=== DATA SHOWN ===

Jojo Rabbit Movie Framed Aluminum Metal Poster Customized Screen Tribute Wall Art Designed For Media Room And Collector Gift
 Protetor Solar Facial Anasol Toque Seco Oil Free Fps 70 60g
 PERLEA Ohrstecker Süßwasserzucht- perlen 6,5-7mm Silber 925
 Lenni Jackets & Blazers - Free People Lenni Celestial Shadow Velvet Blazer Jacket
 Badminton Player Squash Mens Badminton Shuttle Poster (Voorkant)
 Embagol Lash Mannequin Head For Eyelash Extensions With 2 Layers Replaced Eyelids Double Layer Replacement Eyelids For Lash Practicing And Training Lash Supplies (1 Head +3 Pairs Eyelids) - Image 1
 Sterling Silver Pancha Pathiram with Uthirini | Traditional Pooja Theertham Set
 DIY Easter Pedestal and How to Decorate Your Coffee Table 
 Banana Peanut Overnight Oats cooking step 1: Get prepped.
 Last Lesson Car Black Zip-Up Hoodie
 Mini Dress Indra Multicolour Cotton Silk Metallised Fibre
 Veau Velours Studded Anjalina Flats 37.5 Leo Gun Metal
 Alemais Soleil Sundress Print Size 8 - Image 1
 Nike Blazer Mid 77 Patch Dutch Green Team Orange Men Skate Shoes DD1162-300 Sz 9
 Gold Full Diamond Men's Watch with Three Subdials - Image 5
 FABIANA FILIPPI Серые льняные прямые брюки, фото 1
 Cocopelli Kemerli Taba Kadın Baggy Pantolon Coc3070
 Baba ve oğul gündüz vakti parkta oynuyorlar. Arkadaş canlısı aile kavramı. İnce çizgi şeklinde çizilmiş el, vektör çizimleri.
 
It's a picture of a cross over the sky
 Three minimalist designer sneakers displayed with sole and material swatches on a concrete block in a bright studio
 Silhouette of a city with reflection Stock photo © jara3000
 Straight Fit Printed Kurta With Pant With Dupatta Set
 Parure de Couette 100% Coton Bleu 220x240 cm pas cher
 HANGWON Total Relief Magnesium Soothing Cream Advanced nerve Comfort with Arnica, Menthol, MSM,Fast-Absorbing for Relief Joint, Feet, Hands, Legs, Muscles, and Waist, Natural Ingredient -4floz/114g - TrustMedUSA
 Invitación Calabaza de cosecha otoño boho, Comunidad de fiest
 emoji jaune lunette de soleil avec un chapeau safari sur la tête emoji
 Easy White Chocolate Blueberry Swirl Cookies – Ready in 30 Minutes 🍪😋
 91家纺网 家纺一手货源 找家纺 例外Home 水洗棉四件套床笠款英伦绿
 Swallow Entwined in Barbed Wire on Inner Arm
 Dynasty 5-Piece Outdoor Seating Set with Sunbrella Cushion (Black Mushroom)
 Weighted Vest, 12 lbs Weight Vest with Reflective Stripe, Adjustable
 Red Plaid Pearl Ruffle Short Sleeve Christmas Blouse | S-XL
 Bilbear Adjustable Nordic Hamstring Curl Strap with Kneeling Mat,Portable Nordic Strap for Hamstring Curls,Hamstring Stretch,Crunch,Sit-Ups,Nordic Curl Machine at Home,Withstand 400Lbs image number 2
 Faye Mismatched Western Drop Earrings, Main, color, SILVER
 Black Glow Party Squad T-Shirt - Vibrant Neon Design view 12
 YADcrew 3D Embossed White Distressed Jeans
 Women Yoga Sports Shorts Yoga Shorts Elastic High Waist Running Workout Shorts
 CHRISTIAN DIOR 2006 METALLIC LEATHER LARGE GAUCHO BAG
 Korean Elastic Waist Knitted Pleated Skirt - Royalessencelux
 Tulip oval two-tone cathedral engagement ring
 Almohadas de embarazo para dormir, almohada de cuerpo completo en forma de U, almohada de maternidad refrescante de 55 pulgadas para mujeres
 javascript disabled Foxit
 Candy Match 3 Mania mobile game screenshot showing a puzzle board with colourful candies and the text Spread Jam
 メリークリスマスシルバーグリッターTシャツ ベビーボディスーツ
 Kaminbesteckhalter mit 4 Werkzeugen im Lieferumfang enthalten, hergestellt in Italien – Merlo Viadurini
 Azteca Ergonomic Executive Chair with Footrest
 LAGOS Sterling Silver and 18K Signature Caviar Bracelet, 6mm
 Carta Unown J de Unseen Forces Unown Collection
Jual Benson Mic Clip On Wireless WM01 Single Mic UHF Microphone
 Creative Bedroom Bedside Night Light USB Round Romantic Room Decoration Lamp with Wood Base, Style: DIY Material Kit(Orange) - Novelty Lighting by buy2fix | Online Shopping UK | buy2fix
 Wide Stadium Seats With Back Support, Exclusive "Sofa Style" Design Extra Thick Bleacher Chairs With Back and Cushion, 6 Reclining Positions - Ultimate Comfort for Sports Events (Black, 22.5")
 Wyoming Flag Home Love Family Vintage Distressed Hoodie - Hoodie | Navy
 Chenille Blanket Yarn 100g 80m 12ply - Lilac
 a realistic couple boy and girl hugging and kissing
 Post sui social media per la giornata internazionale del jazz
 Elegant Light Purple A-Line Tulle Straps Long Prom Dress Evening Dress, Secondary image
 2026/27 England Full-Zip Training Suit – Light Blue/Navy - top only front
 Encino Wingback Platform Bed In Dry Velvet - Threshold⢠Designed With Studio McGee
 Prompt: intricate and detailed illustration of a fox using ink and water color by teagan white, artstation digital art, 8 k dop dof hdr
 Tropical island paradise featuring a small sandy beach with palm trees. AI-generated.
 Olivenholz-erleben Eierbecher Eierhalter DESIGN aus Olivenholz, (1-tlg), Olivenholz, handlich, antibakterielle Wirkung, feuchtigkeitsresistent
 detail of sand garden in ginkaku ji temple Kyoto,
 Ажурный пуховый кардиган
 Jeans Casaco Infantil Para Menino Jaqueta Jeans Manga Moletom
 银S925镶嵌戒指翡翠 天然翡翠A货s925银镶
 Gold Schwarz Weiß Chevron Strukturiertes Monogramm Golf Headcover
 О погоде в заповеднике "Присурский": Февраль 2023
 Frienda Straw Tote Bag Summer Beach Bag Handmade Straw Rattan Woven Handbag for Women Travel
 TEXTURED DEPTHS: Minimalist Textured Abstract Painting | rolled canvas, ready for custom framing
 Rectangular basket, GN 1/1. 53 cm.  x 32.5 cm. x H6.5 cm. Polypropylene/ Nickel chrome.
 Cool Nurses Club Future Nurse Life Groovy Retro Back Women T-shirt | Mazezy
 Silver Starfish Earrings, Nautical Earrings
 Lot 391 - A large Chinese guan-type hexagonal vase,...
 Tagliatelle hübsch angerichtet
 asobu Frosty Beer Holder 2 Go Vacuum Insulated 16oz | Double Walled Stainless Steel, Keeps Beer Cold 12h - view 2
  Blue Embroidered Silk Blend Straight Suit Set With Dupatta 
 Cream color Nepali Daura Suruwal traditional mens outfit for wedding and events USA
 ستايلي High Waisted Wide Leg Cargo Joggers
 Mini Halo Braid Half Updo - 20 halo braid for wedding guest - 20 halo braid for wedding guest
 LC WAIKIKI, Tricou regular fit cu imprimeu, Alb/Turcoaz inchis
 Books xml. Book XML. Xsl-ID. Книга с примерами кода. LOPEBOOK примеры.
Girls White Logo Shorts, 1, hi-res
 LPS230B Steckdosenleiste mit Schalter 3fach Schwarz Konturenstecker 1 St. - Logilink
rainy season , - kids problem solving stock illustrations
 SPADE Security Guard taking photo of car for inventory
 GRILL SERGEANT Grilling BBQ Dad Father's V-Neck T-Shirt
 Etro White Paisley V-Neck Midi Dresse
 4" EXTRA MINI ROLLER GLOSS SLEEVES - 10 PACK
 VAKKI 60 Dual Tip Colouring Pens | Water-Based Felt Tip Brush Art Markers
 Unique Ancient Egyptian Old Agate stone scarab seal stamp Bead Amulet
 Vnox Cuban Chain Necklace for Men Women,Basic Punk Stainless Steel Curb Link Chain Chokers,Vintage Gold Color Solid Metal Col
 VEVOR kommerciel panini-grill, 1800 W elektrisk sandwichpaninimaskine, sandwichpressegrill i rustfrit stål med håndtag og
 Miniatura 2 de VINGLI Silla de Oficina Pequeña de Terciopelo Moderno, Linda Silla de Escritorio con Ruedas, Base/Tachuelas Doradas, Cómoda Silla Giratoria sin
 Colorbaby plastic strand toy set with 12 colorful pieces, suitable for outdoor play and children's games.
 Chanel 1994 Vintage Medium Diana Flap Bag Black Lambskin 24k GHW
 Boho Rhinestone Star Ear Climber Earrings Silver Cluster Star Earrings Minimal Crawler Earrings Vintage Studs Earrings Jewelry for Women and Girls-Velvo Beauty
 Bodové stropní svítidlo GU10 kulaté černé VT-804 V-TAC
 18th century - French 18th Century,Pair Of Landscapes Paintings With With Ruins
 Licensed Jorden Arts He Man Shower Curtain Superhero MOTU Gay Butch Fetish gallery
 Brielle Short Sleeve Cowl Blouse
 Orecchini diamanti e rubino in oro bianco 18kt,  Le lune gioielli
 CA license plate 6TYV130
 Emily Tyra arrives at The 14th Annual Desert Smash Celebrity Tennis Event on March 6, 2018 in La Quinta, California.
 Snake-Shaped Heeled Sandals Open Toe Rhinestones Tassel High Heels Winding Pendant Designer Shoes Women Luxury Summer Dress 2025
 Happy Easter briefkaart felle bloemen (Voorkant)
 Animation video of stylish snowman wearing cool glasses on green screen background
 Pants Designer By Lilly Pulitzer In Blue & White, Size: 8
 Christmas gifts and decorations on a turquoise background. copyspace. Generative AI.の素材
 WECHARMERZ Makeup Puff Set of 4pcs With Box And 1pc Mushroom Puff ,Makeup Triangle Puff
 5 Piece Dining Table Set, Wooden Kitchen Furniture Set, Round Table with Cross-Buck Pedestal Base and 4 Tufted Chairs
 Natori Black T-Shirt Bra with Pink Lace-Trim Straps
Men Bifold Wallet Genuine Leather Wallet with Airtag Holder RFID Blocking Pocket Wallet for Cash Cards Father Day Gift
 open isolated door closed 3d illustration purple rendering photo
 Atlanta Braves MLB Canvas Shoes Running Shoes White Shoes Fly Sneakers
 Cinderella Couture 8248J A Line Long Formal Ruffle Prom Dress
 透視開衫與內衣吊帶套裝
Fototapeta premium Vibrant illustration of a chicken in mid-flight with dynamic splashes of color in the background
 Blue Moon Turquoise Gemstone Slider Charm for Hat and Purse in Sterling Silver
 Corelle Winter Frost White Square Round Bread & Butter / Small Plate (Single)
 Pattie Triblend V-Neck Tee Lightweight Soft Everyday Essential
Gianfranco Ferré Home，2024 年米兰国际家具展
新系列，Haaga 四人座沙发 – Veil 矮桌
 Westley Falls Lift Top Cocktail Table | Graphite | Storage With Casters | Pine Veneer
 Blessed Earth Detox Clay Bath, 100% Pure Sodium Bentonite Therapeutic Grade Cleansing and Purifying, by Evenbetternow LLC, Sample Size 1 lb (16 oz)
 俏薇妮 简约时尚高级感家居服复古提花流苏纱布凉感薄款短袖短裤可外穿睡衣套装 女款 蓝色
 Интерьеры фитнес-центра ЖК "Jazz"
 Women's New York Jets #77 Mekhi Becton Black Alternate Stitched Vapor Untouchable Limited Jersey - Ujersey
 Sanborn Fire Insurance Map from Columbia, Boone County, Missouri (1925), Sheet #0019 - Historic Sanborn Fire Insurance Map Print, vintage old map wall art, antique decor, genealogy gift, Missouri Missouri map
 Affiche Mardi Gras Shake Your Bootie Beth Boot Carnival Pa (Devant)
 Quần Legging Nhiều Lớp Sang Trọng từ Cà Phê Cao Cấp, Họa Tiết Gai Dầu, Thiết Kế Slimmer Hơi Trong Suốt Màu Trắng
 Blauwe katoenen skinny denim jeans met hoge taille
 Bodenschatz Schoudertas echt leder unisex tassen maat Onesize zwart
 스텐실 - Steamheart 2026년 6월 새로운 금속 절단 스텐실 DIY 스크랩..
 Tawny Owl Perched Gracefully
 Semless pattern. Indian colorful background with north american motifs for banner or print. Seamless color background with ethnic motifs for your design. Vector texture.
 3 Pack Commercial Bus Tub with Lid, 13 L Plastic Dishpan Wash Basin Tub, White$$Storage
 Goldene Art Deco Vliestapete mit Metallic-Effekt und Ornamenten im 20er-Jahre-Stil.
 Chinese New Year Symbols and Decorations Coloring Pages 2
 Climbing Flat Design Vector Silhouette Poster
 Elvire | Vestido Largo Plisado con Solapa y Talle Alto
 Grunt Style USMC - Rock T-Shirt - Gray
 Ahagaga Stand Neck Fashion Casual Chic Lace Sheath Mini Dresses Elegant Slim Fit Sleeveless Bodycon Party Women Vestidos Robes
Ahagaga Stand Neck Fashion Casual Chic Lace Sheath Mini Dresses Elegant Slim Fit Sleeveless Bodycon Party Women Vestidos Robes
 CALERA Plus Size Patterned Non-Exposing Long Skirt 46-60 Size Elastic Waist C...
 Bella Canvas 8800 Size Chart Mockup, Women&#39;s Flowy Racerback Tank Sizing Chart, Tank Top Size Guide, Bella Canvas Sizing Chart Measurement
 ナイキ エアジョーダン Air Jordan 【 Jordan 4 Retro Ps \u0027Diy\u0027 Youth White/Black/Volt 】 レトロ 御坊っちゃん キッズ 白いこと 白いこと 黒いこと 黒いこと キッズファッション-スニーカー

===

● THE PROBLEM: If a line in the material above contains the word "Pedestal", copy it.

● ANSWER SPACE:
 DIY Easter Pedestal and How to Decorate Your Coffee Table 
 5 Piece Dining Table Set, Wooden Kitchen Furniture Set, Round Table with Cross-Buck Pedestal Base and 4 Tufted Chairs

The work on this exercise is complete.